= MATERIAL FOR THIS TASK =
◆ ◆ ◆

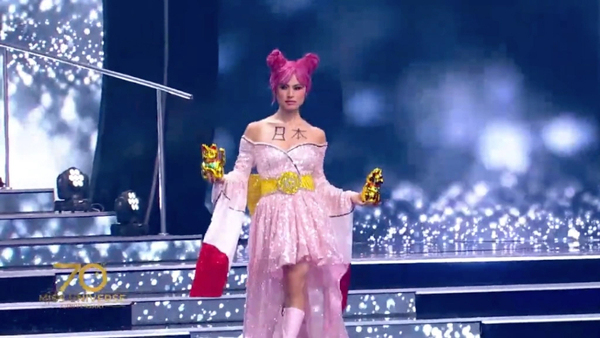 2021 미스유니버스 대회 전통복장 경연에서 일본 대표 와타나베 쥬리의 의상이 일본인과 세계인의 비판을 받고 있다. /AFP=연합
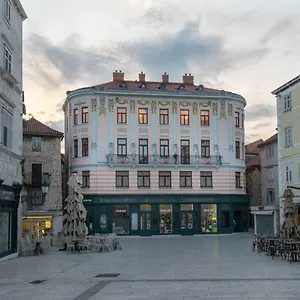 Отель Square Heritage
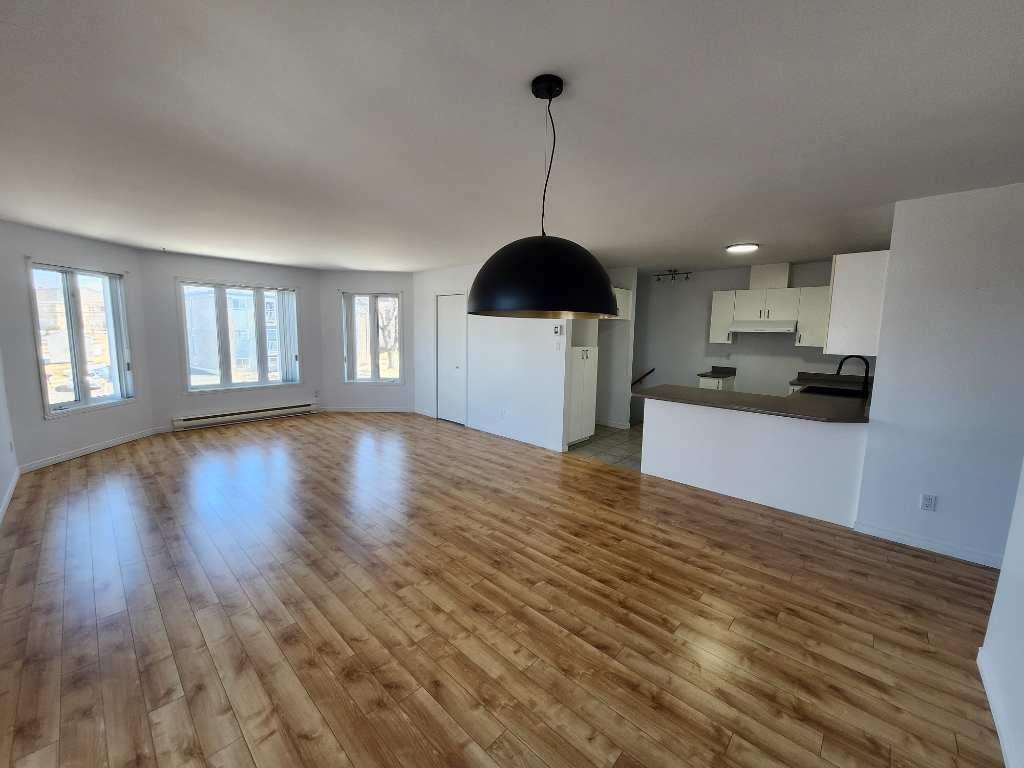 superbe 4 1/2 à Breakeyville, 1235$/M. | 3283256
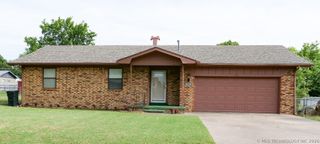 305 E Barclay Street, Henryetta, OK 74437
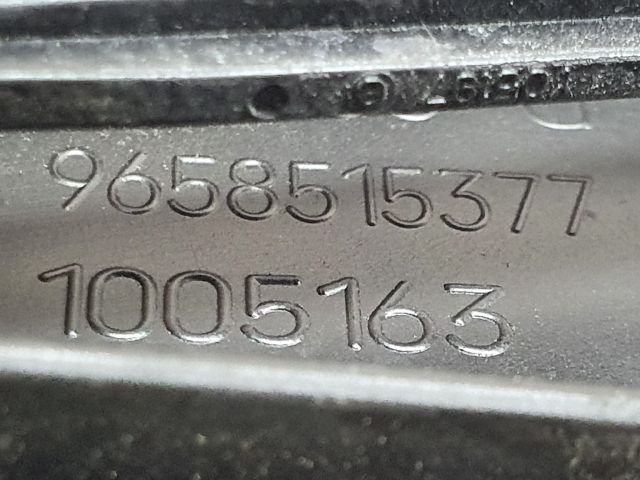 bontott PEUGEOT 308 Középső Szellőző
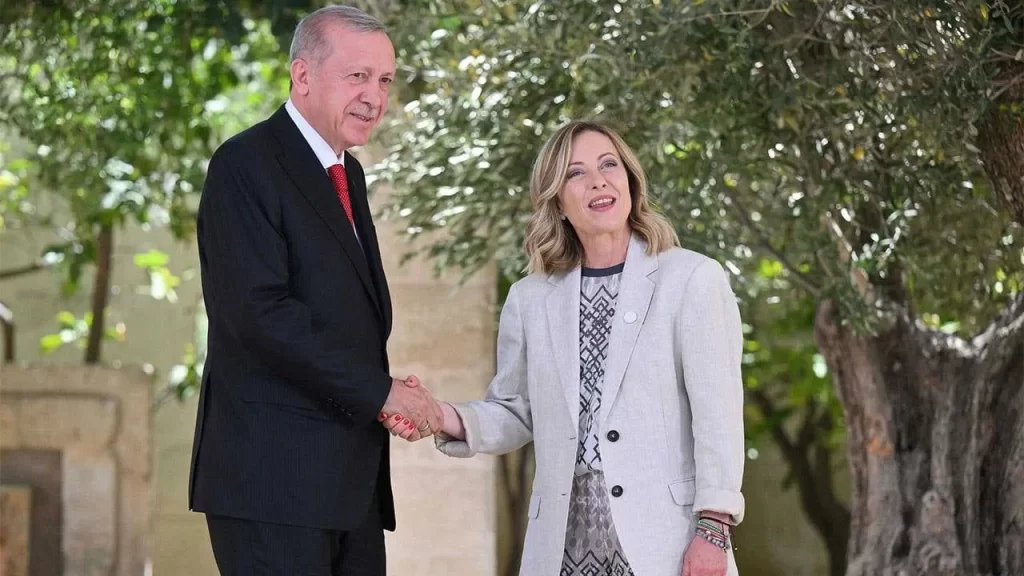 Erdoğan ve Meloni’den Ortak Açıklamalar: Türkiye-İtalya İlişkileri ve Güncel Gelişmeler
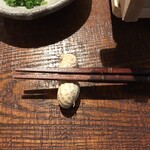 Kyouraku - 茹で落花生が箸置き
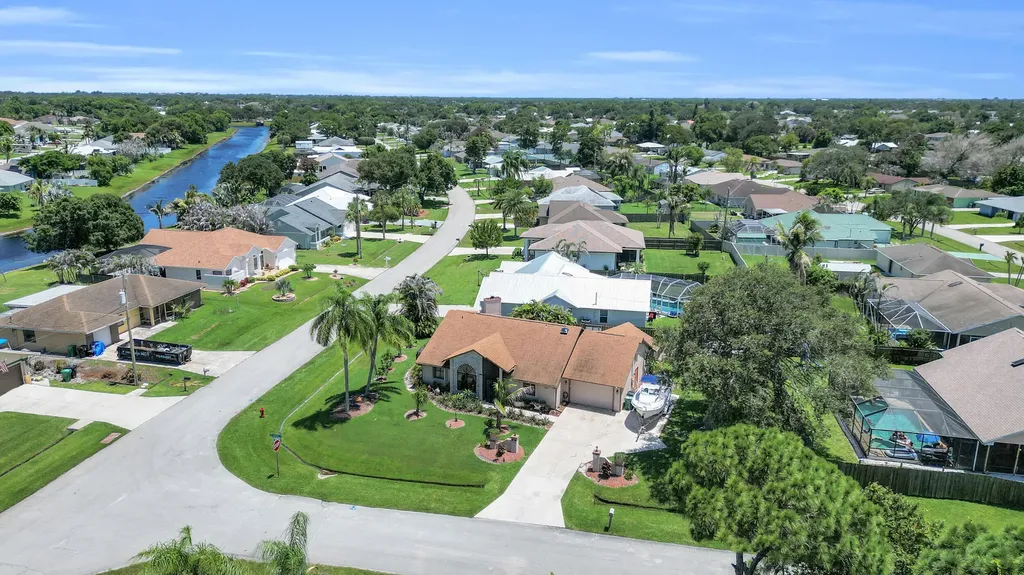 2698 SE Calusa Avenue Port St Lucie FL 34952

◆ ◆ ◆

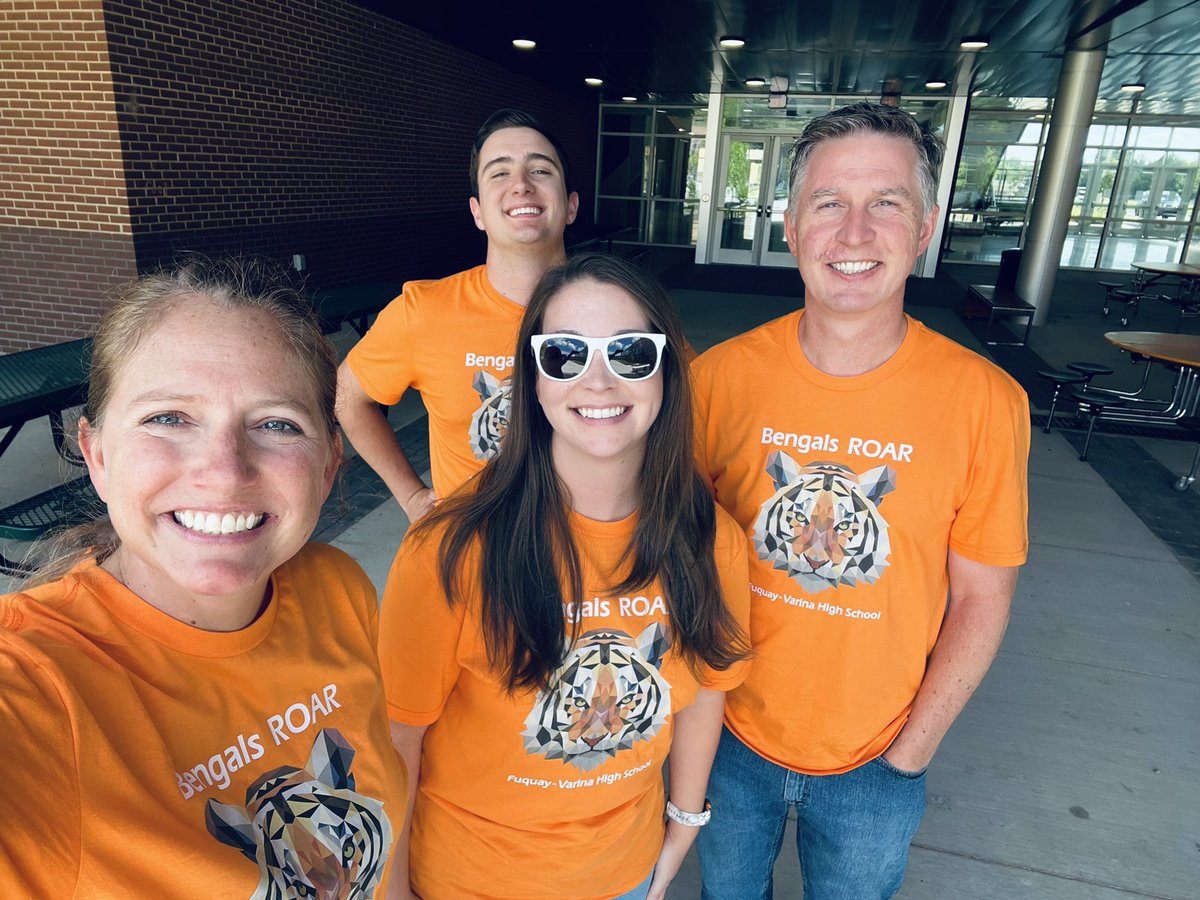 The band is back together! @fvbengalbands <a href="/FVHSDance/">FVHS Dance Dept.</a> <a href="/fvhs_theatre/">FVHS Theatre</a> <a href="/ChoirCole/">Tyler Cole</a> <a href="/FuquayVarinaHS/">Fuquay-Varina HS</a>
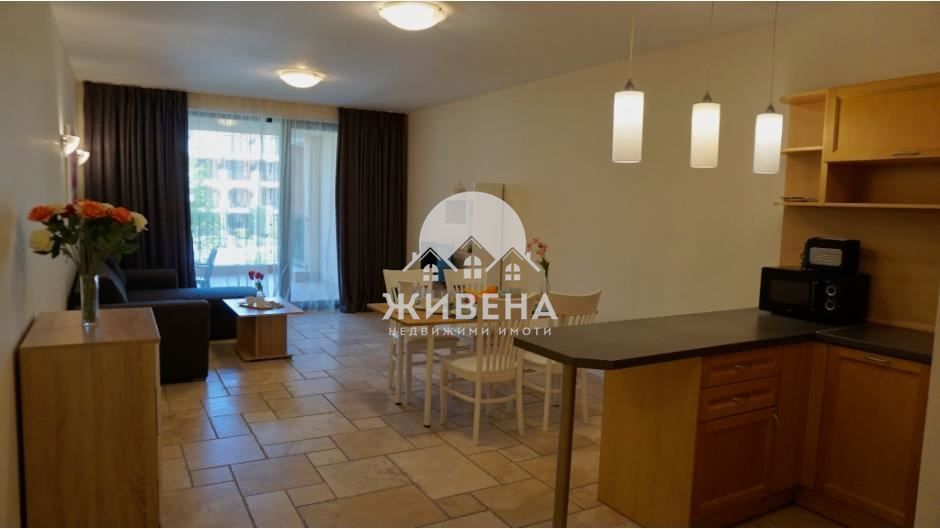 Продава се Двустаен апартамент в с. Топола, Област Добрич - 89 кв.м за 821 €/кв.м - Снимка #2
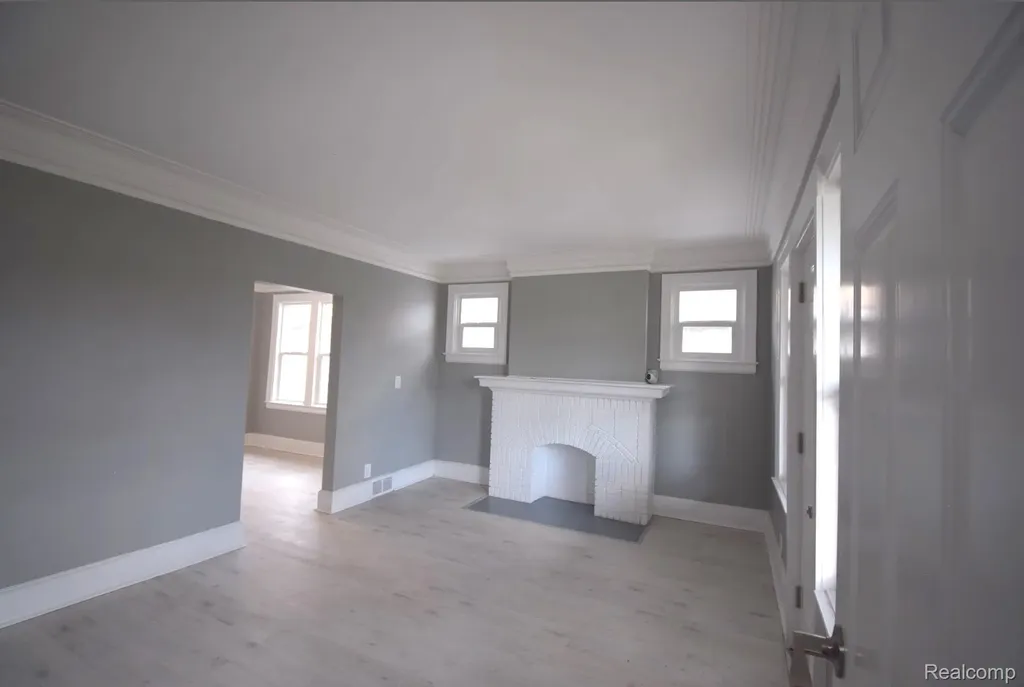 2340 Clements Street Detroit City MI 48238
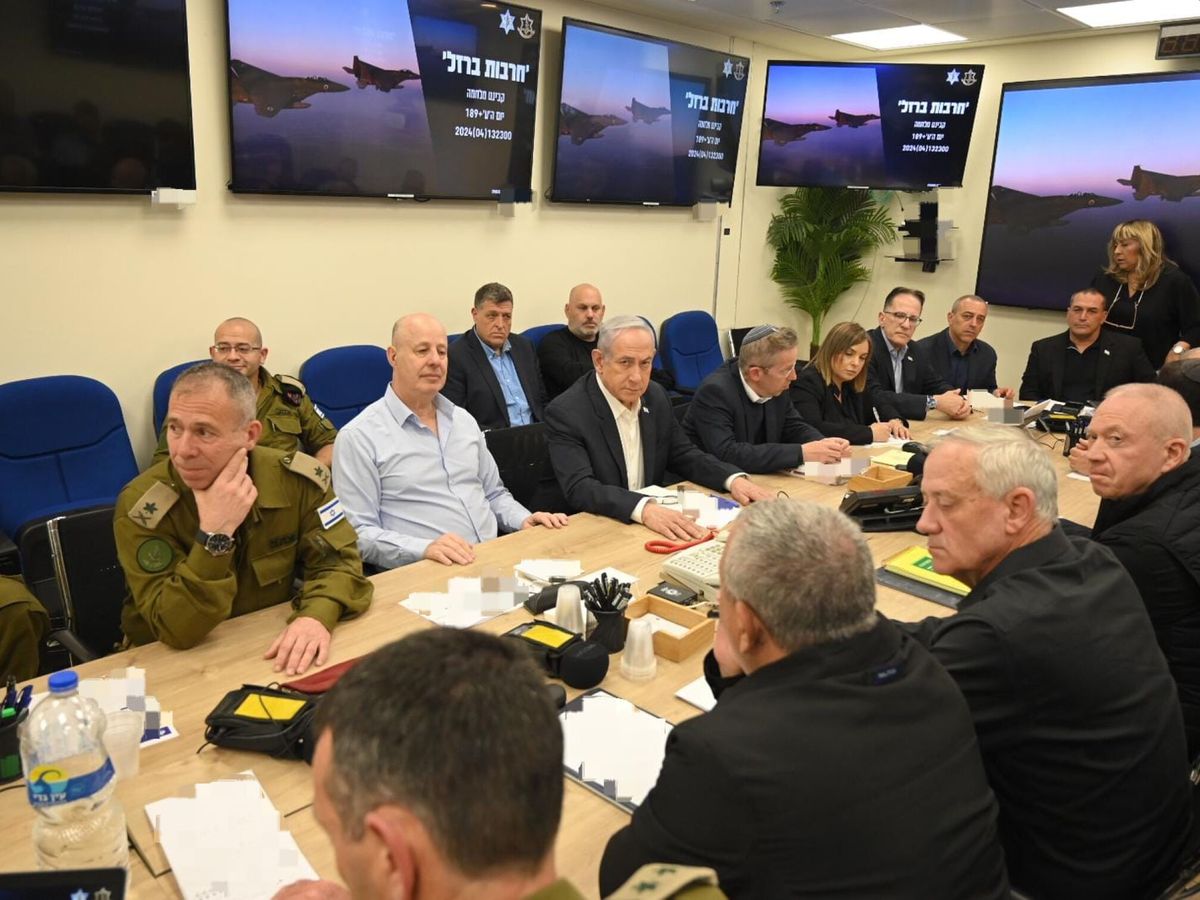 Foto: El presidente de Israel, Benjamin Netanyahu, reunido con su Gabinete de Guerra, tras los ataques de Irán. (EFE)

◆ ◆ ◆

= TASK TO COMPLETE =
Only the lines above starting with the line with "2340 Clements Street Detroit City MI 48238" and going on through the line with "Foto: El presidente" belong in the answer; repeat them exactly, minus any picture.

= PROBLEM SOLUTION =
 2340 Clements Street Detroit City MI 48238
 Foto: El presidente de Israel, Benjamin Netanyahu, reunido con su Gabinete de Guerra, tras los ataques de Irán. (EFE)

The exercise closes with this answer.